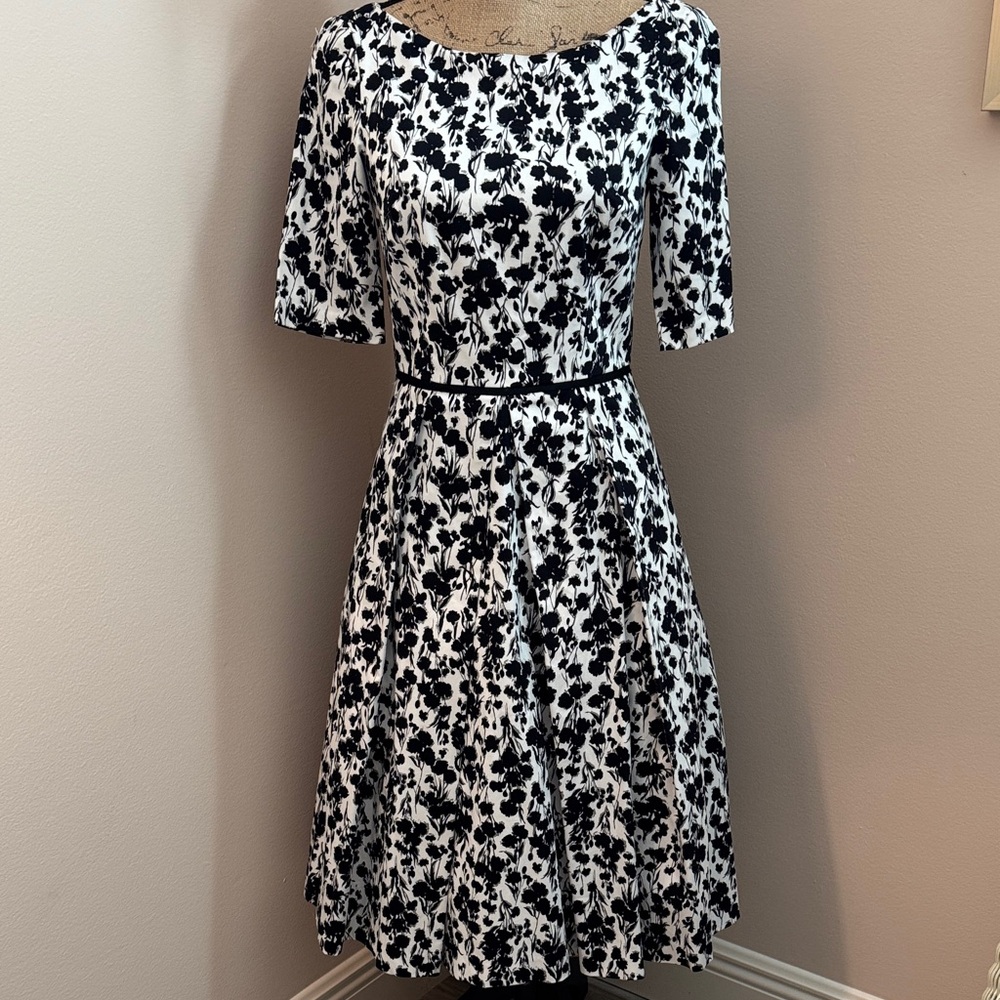 Maggie London Black and White Floral Short Sleeve Dress
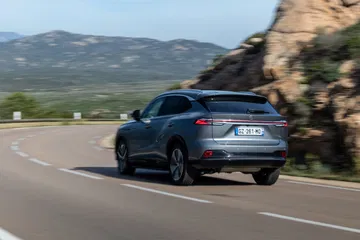 El MG HS se muestra en movimiento, destacando su diseño dinámico y elegante.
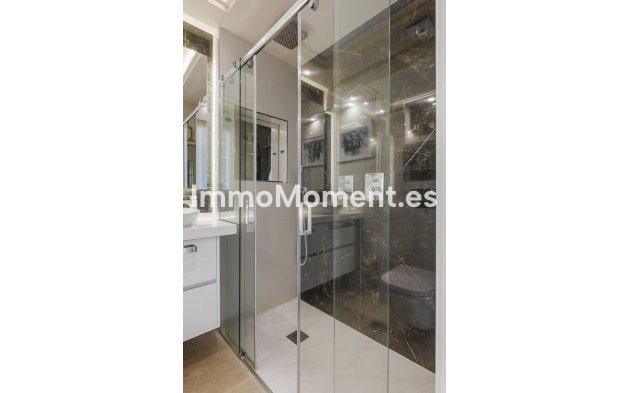 Resale - Apartment - Estepona - Selwo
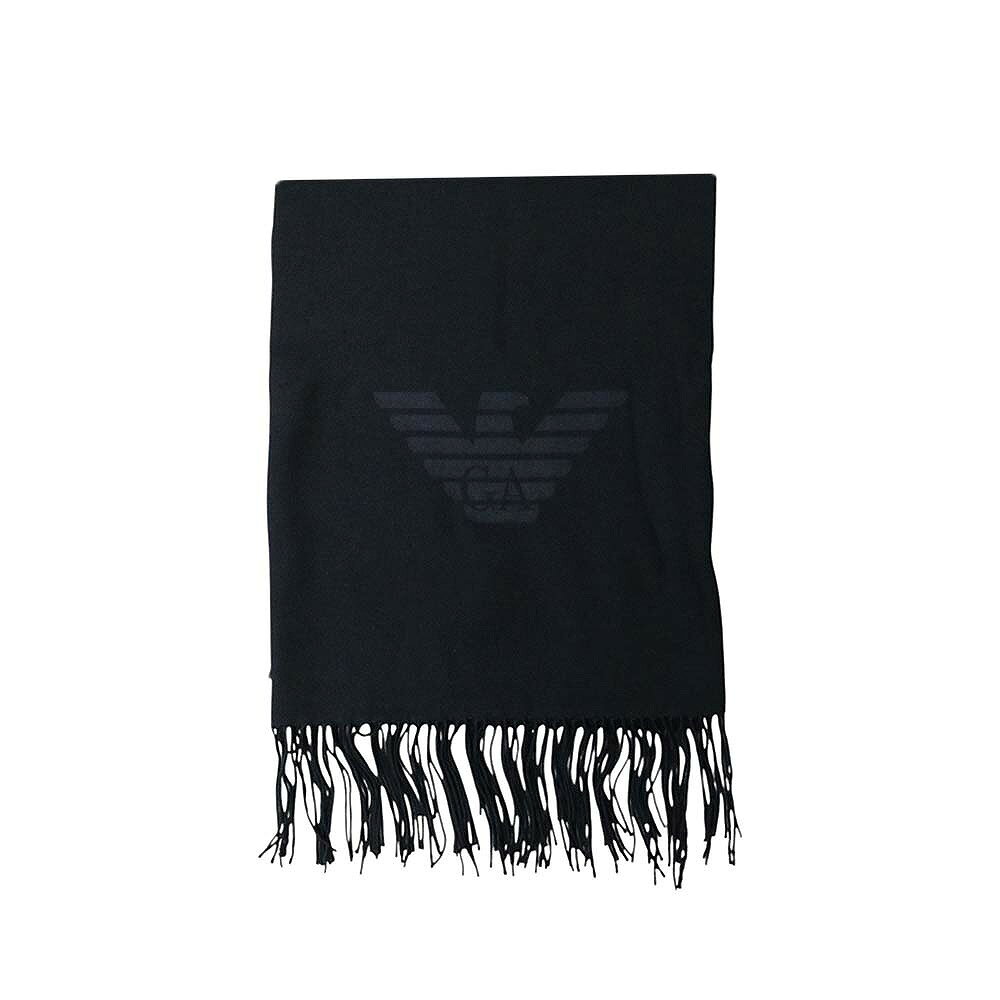 エンポリオアルマーニ EMPORIO ARMANI マフラー 625214-CC318-00020 メンズ ブラック マフラーEMPORIO ARMANI（エンポリオ・アルマーニ）はジョルジオ・アルマーニの若者向けセカンドラインとして登場しました。アルマーニならではの高級感にモードテイストを加えた繊細なデザインは世界中の若者に支持されています。プレゼントやギフトにもおすすめ。サイズ199cm×79cm素材ポリエステル65%、ビスコーサ35%仕様カラー：BLACK(ブラック)付属品ケースエンポリオアルマーニ EMPORIO ARMANI マフラー 625214-CC318-00020 メンズ ブラック マフラー625214 cc318 00020 ストール スカーフ フリンジ 並行輸入品 プレゼント ギフト EMPORIO ARMANI（エンポリオ・アルマーニ）はジョルジオ・アルマーニの若者向けセカンドラインとして登場しました。アルマーニならではの高級感にモードテイストを加えた繊細なデザインは世界中の若者に支持されています。プレゼントやギフトにもおすすめ。Item Informationサイズ199cm×79cm仕様カラー：BLACK(ブラック)付属品ケース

### Goal of the exercise:
All of the material above should be written out exactly as given, minus any images.

### Solution to the problem:
 Maggie London Black and White Floral Short Sleeve Dress
 El MG HS se muestra en movimiento, destacando su diseño dinámico y elegante.
 Resale - Apartment - Estepona - Selwo
 エンポリオアルマーニ EMPORIO ARMANI マフラー 625214-CC318-00020 メンズ ブラック マフラーEMPORIO ARMANI（エンポリオ・アルマーニ）はジョルジオ・アルマーニの若者向けセカンドラインとして登場しました。アルマーニならではの高級感にモードテイストを加えた繊細なデザインは世界中の若者に支持されています。プレゼントやギフトにもおすすめ。サイズ199cm×79cm素材ポリエステル65%、ビスコーサ35%仕様カラー：BLACK(ブラック)付属品ケースエンポリオアルマーニ EMPORIO ARMANI マフラー 625214-CC318-00020 メンズ ブラック マフラー625214 cc318 00020 ストール スカーフ フリンジ 並行輸入品 プレゼント ギフト EMPORIO ARMANI（エンポリオ・アルマーニ）はジョルジオ・アルマーニの若者向けセカンドラインとして登場しました。アルマーニならではの高級感にモードテイストを加えた繊細なデザインは世界中の若者に支持されています。プレゼントやギフトにもおすすめ。Item Informationサイズ199cm×79cm仕様カラー：BLACK(ブラック)付属品ケース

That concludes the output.